We also recognize that prevailing A2J metrics are themselves limiting, often focusing narrowly on legal problems, costs, and case outcomes within Anglo-adversarial justice systems. Accordingly, we advocate for wise practices and evaluative measures of success that reflect the values and dimensions of access, health, and justice that matter to the community at hand. Indigenous methodologies remind us that these evaluative metrics must be expansive enough to honor an A2J initiative’s ability to reveal knowledge, build relationships, rebalance power, honor sovereignty, and provide healing. This requires deep trust and concordance between everyone involved. And it is precisely why data collection, analysis, and evaluation must be driven by Indigenous experts in all contexts—local, scholarly, legal, and so on—and enacted in close, often interprofessional collaboration with Indigenous and non-Indigenous stakeholders. These steps are fundamental to self-determination.

Honor Indigenous Access to Justice as Health and Healing

As evidenced here, any A2J initiative undertaken in an Indigenous community must meaningfully recognize historical injustices and their continued impact on the health and legal needs of AI/AN people, particularly the intergenerational trauma resulting from forced assimilation policies, land dispossession, and systemic discrimination. This is precisely why Te Ao Mārama holistically acknowledges litigants’ legal needs as well as their well-being within the court context. By actively working to address intergenerational trauma, Indigenous A2J models promote healing, prevent future health-harming legal needs, and empower Indigenous communities to advance their rights and well-being. We also recognize that providing training and resources to elevate Indigenous community members as community justice workers or legal advocates exemplifies a commitment to capacity building and self-determination.

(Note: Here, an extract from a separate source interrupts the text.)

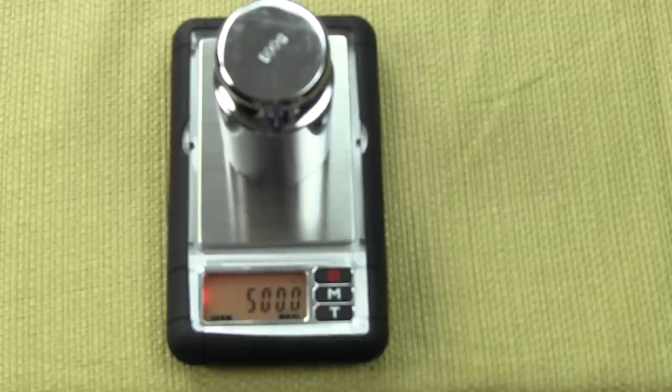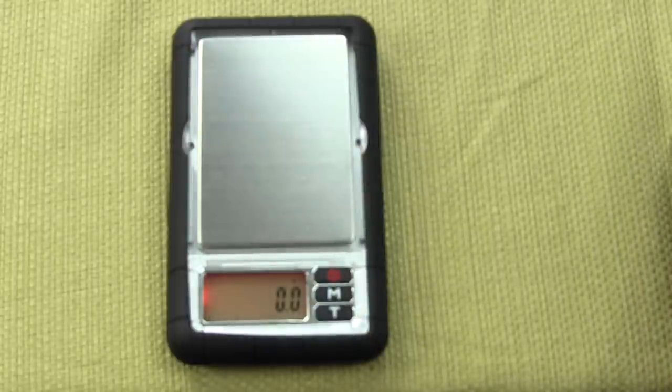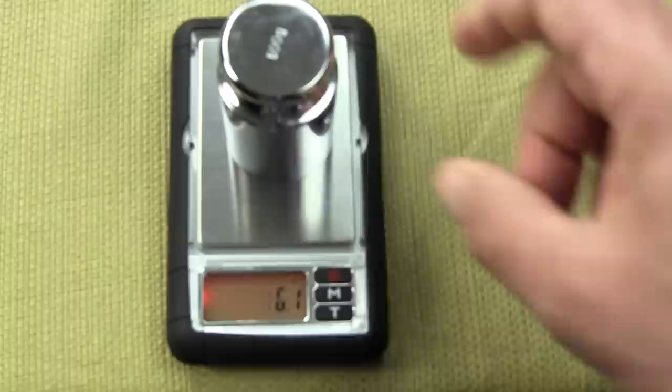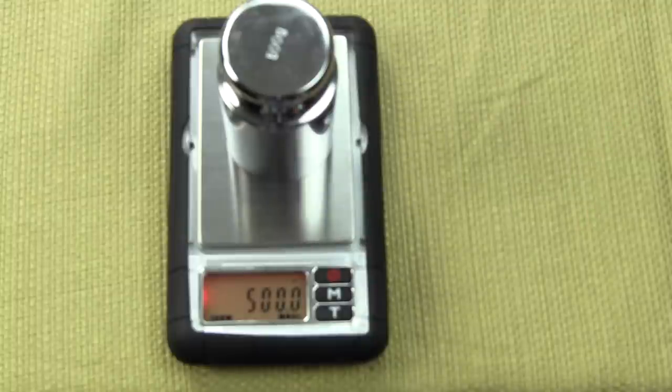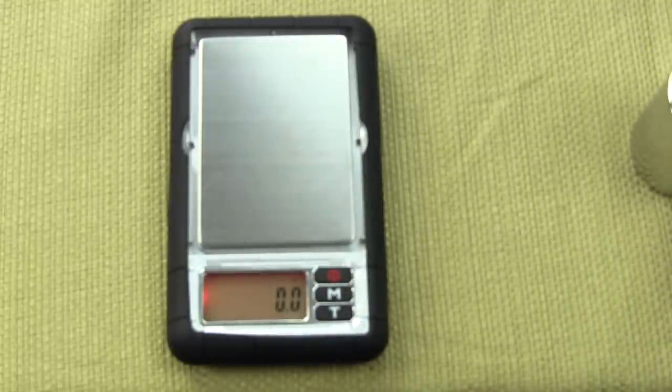The scale will show pass and it will return to the active weighing mode. As you can see, it is extremely simple to calibrate the MyWeigh Dura scale D 600 gram scale, but it does require a 500 gram mass.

As we have demonstrated here, understanding and addressing civil legal needs in Indigenous communities has profound impacts on community health. But it has to be done well. Drawing on the Anishinaabe concept of Mino Bimaadiziwin, we end this article by calling for Indigenous A2J research, analysis, and innovation done in a good way, one that reveals knowledge, decolonizes and rebalances power, creates relationships, and provides healing through culturally safe, relevant, and collaborative modalities as defined by Indigenous people themselves.25

ACKNOWLEDGMENTS

We gratefully acknowledge the commitment and transformative work of the Tribal court personnel with whom we collaborate. We also recognize the institutional support of the Research for Indigenous Social Action and Equity Center at Northwestern University.

CONFLICTS OF INTEREST

The authors disclose no conflicts of interest.